# 📘 02 - Inferential Statistics

🔹 **Objective**: Introduce techniques to infer population-level conclusions based on sample data.

## 🔍 What is Inferential Statistics?
Inferential statistics allows us to make predictions or inferences about a population based on a sample of data.

### Descriptive vs Inferential Statistics
- **Descriptive Statistics** summarizes the features of a dataset.
- **Inferential Statistics** makes generalizations about a population using data from a sample.

### Importance in Data-Driven Decision Making
Companies and researchers rely on inferential methods to:
- Make product decisions based on surveys
- Test medical hypotheses with clinical trials
- Predict elections based on polls

## 🧪 Sampling
### Sampling Methods
- **Simple Random Sampling**: Equal chance for each data point
- **Stratified Sampling**: Divide population into strata and sample from each
- **Systematic Sampling**: Every nth item

### Sampling Bias
Occurs when some members of the population are less likely to be included in the sample.

In [None]:
import numpy as np
import pandas as pd
np.random.seed(42)

# Simulate a population
population = np.random.normal(loc=50, scale=10, size=10000)

# Simple random sample
sample = np.random.choice(population, size=100, replace=False)

print("Population Mean:", np.mean(population))
print("Sample Mean:", np.mean(sample))

## 📊 Central Limit Theorem (CLT)
The CLT states that the distribution of sample means approaches a normal distribution as the sample size increases, regardless of the population's distribution.

In [None]:
import matplotlib.pyplot as plt

sample_means = []
for _ in range(1000):
    sample = np.random.choice(population, size=50, replace=True)
    sample_means.append(np.mean(sample))

plt.hist(sample_means, bins=30, edgecolor='black')
plt.title("Sampling Distribution of the Mean")
plt.xlabel("Sample Mean")
plt.ylabel("Frequency")
plt.show()

## 📐 Estimators
- **Point Estimate**: A single value estimate of a population parameter (e.g., sample mean).
- **Interval Estimate**: A range likely to contain the parameter (e.g., confidence interval).

### Standard Error
Standard deviation of the sampling distribution of the mean.

In [None]:
std_error = np.std(sample) / np.sqrt(len(sample))
print("Standard Error:", std_error)

## 📏 Confidence Intervals
A confidence interval gives a range of plausible values for the population parameter.

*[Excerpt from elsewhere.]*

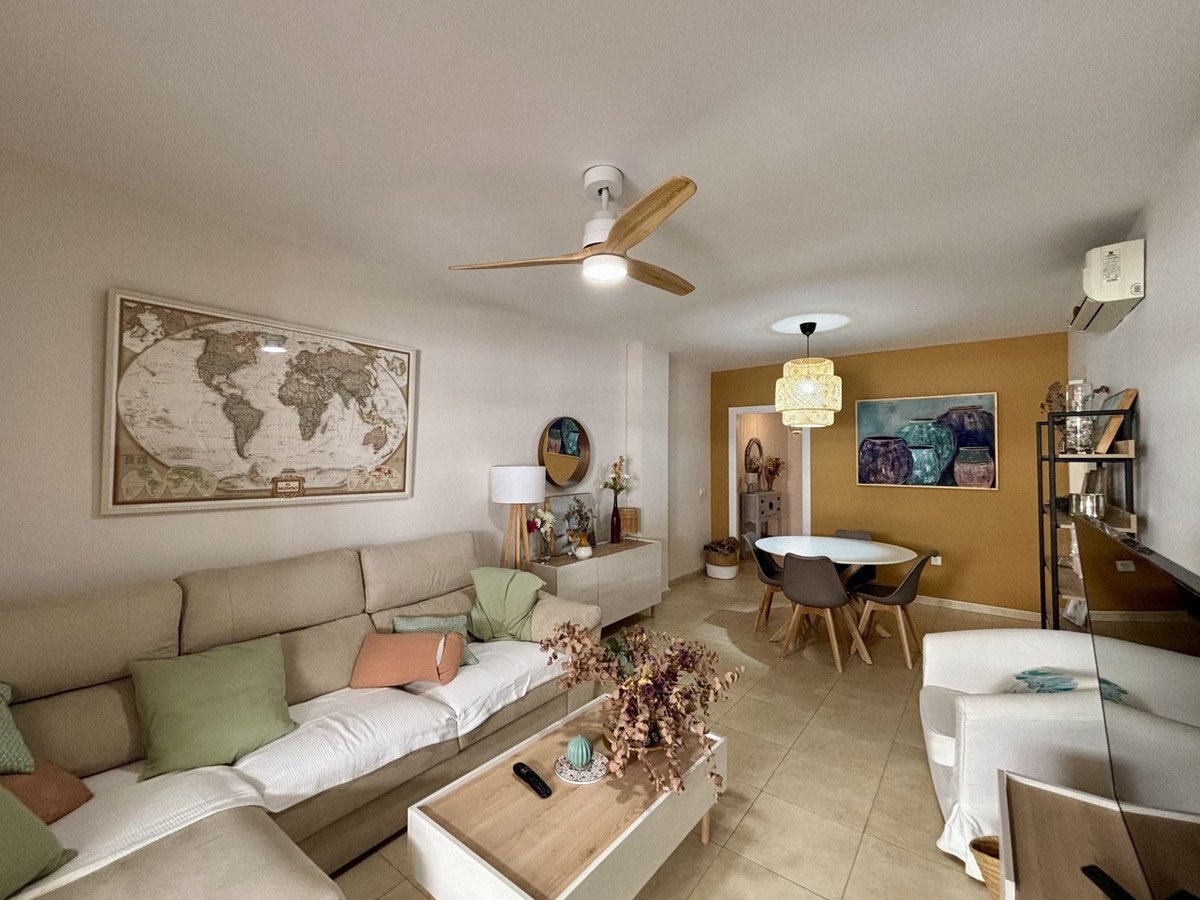 2 Bed Middle Floor Apartment in Rincón de la Victoria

- **95% CI**: ~95% chance the true mean lies in this interval
- **99% CI**: Wider range, more confidence

In [None]:
import scipy.stats as stats

mean = np.mean(sample)
se = stats.sem(sample)
ci_95 = stats.t.interval(0.95, df=len(sample)-1, loc=mean, scale=se)
ci_99 = stats.t.interval(0.99, df=len(sample)-1, loc=mean, scale=se)

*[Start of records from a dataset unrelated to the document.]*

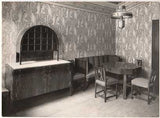 20. léta. 4 orig. fotografie bytového interiéru Dr. H. v Brně.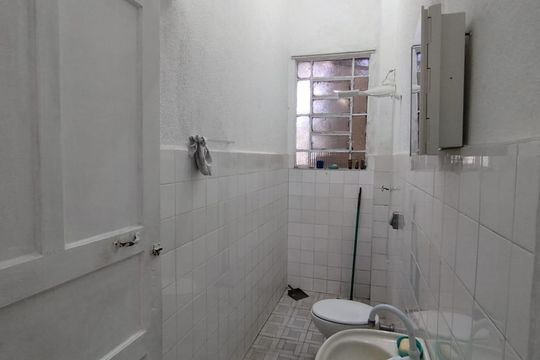 Banheiro - torneira de casa de condomínio à venda com 4 quartos, 270m² em Vila Conde do Pinhal, São Paulo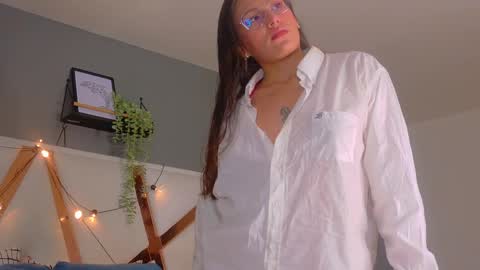 Snapshot of liaamoretti__ chatting on 06-01-26, 01:29 L I A online show from 06-01-26, 01:29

print("95% Confidence Interval:", ci_95)
print("99% Confidence Interval:", ci_99)

In [None]:
plt.figure(figsize=(8, 4))
plt.axvline(ci_95[0], color='red', linestyle='--', label='95% CI lower')
plt.axvline(ci_95[1], color='red', linestyle='--', label='95% CI upper')
plt.axvline(mean, color='green', label='Sample Mean')
plt.title("95% Confidence Interval")
plt.legend()
plt.show()

## 🧪 Basics of Hypothesis Testing (Preview)
- **Null Hypothesis (H0)**: No effect or difference
- **Alternative Hypothesis (H1)**: There is an effect or difference
- **Type I Error (α)**: Rejecting H0 when it's true
- **Type II Error (β)**: Not rejecting H0 when it's false

### p-value Intuition
The p-value is the probability of obtaining test results at least as extreme as the observed results, assuming the null hypothesis is true.

> Low p-value (< 0.05) → reject H0
> High p-value → fail to reject H0

## 🧪 Practice Exercises
1. Simulate 100 samples of size 30 from a population and plot the sampling distribution.
2. Compute 95% and 99% confidence intervals for each sample.
3. Estimate the probability of sample means falling outside the CI.